◆ Requirement:
Give back every line of the data exactly. Pictures are not part of the copy.

• • • • •

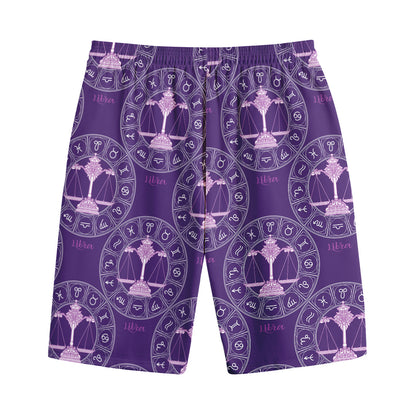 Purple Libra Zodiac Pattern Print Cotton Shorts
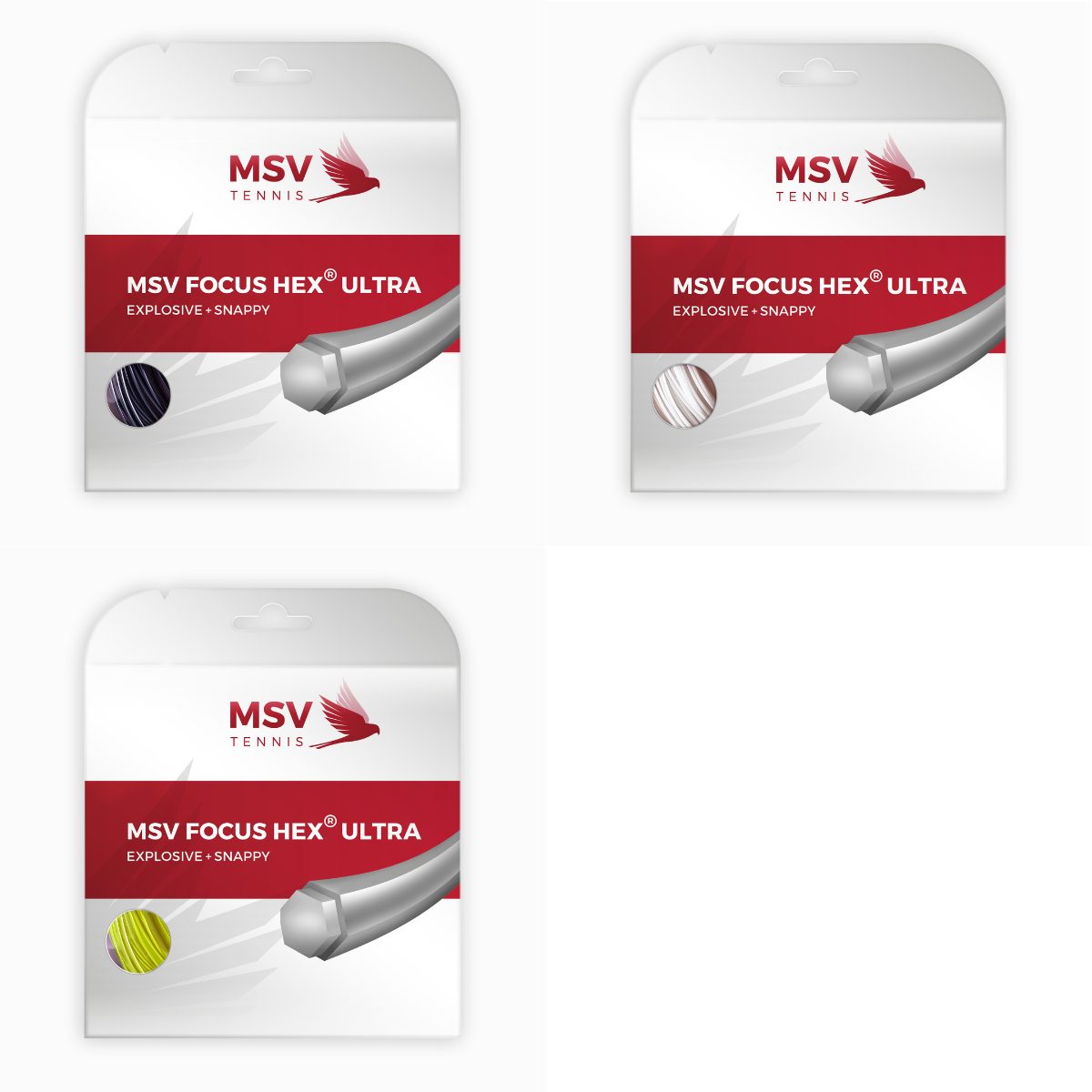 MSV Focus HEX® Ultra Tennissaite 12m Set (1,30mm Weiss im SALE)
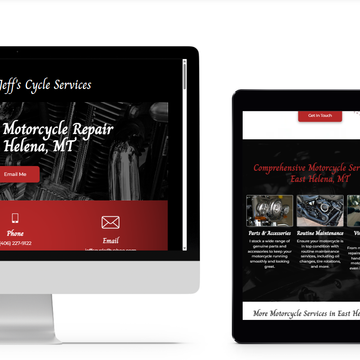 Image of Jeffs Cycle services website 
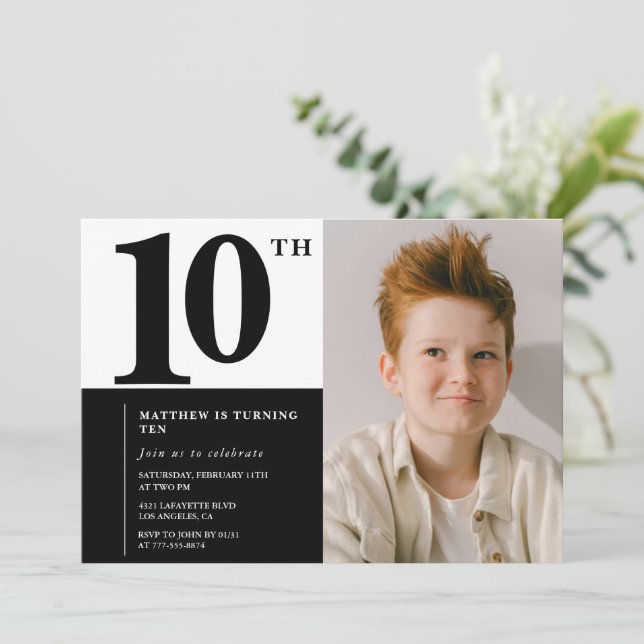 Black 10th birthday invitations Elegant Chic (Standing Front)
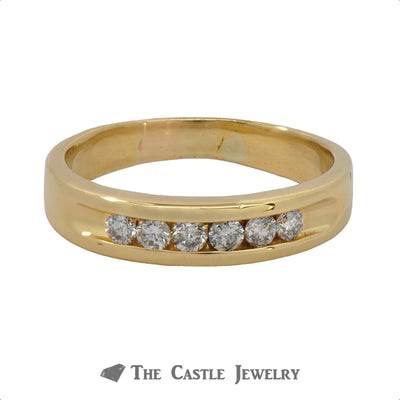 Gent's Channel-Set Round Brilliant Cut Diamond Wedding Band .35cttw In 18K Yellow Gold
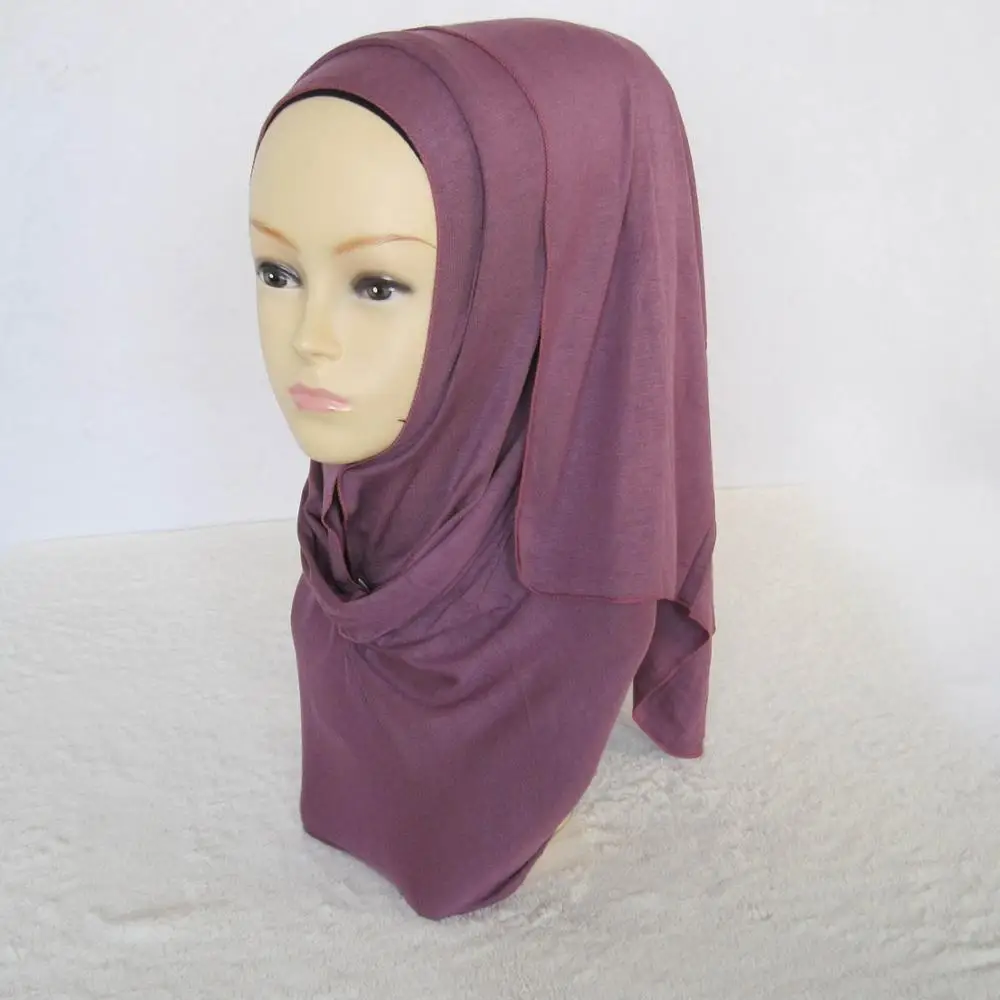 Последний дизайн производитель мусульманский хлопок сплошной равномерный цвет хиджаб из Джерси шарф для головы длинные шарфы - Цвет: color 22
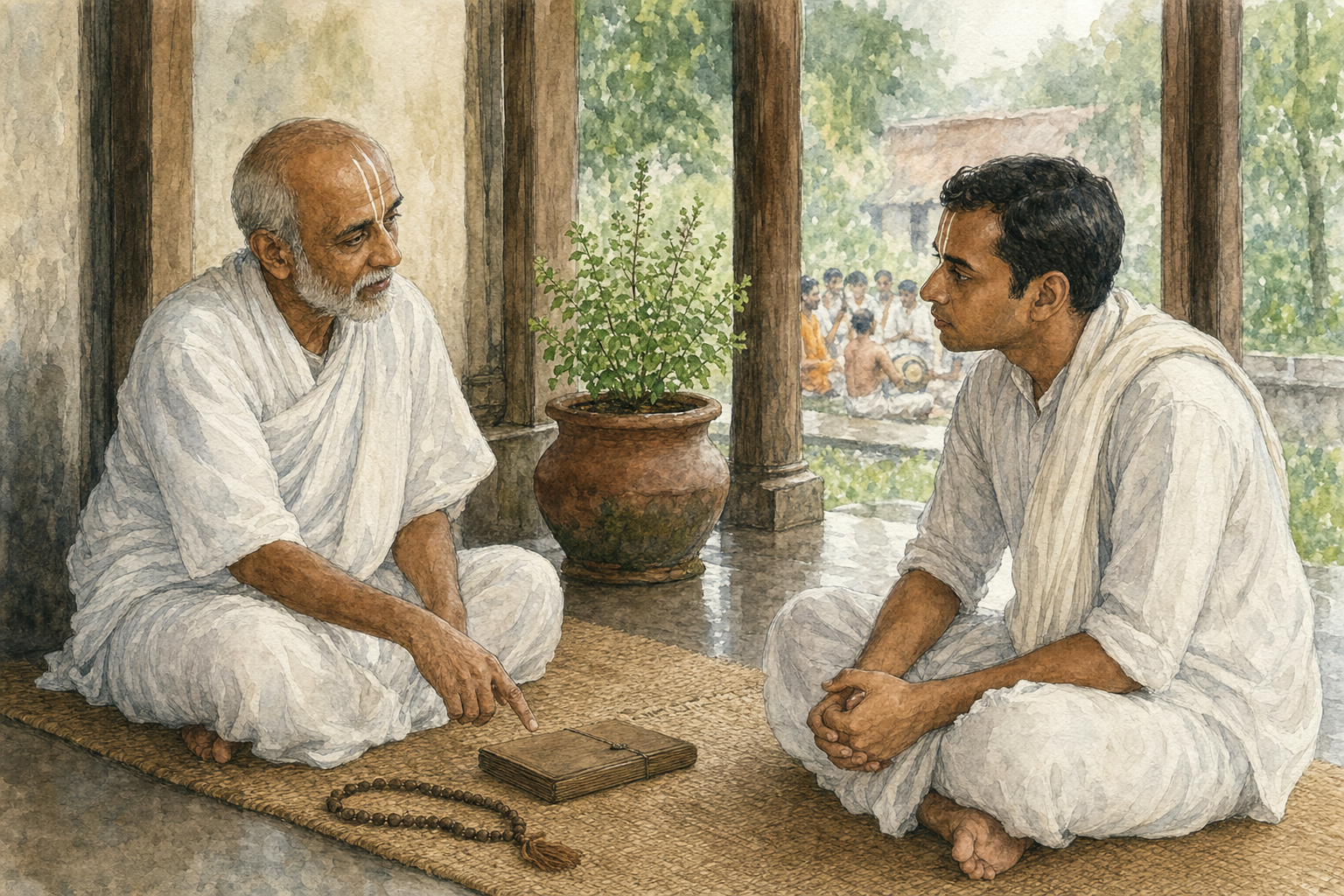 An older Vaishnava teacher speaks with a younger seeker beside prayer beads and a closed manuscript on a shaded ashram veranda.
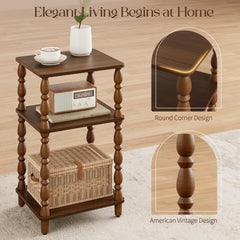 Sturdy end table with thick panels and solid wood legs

• • • • •

◆ Reply to the exercise:
 Purple Libra Zodiac Pattern Print Cotton Shorts
 MSV Focus HEX® Ultra Tennissaite 12m Set (1,30mm Weiss im SALE)
 Image of Jeffs Cycle services website 
 Black 10th birthday invitations Elegant Chic (Standing Front)
 Gent's Channel-Set Round Brilliant Cut Diamond Wedding Band .35cttw In 18K Yellow Gold
 Последний дизайн производитель мусульманский хлопок сплошной равномерный цвет хиджаб из Джерси шарф для головы длинные шарфы - Цвет: color 22
 An older Vaishnava teacher speaks with a younger seeker beside prayer beads and a closed manuscript on a shaded ashram veranda.
 Sturdy end table with thick panels and solid wood legs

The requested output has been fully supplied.